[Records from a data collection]
□ □ □ □ □ □ □

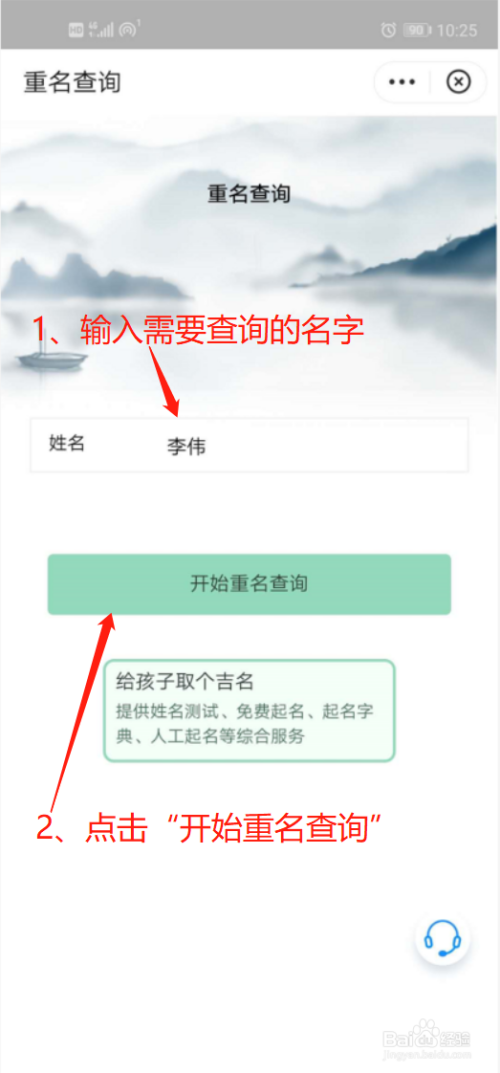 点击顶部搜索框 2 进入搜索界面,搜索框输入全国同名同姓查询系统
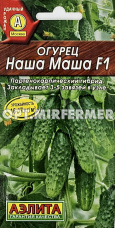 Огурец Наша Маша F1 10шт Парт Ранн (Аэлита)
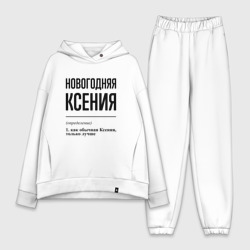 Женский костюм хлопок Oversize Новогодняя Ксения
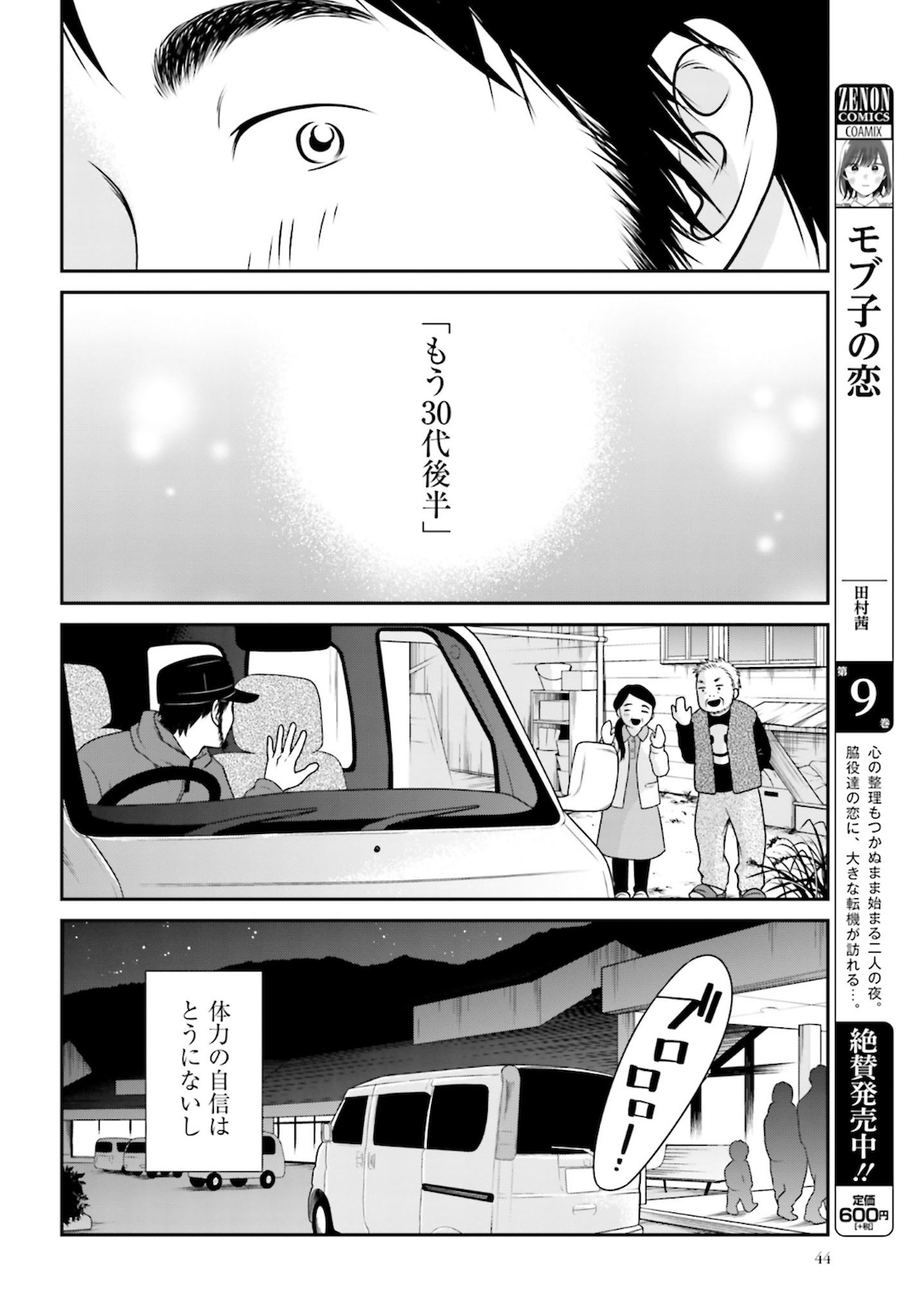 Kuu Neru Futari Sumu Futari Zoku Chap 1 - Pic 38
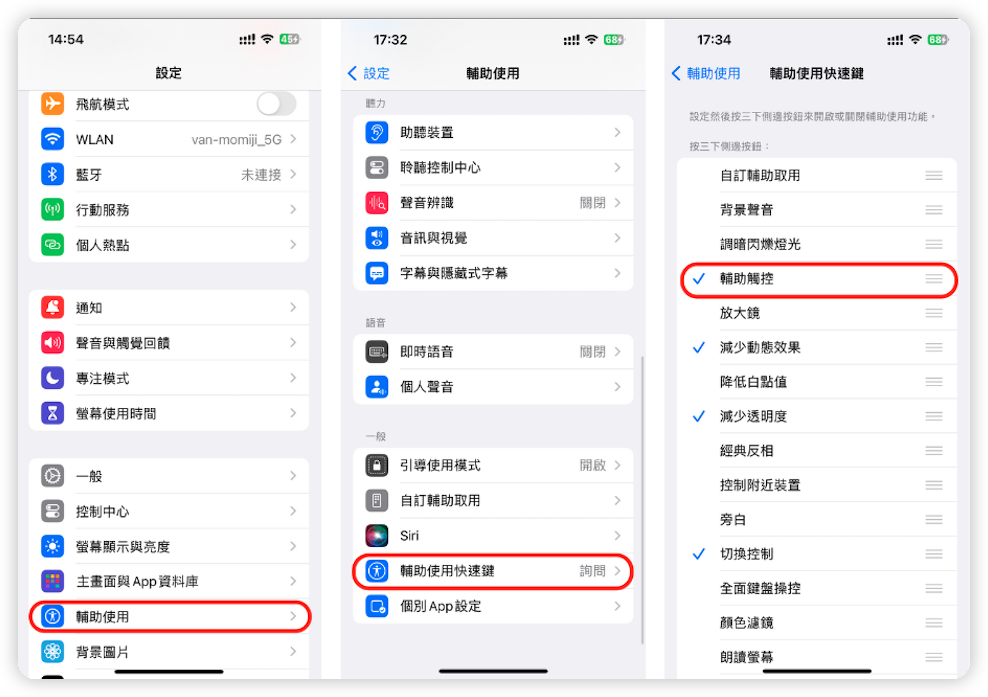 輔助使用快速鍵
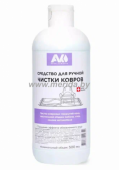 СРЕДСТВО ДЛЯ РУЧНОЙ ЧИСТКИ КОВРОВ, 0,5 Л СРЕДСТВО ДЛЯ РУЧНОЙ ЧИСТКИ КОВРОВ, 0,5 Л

□ □ □ □ □ □ □

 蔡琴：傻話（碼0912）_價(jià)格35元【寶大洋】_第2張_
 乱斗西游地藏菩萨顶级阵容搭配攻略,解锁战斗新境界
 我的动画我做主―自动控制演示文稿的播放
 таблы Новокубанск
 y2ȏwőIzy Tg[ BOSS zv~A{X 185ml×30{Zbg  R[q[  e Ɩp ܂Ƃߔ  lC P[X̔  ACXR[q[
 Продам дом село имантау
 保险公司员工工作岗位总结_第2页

□ □ □ □ □ □ □

Would you transcribe the lines above exactly, going from the line bearing "Kuu Neru Futari" through the line bearing "СРЕДСТВО ДЛЯ РУЧНОЙ ЧИСТКИ КОВРОВ, 0,5 Л СРЕДСТВО", and drop the pictures from the copy?

_Answer box_
 Kuu Neru Futari Sumu Futari Zoku Chap 1 - Pic 38
 輔助使用快速鍵
 СРЕДСТВО ДЛЯ РУЧНОЙ ЧИСТКИ КОВРОВ, 0,5 Л СРЕДСТВО ДЛЯ РУЧНОЙ ЧИСТКИ КОВРОВ, 0,5 Л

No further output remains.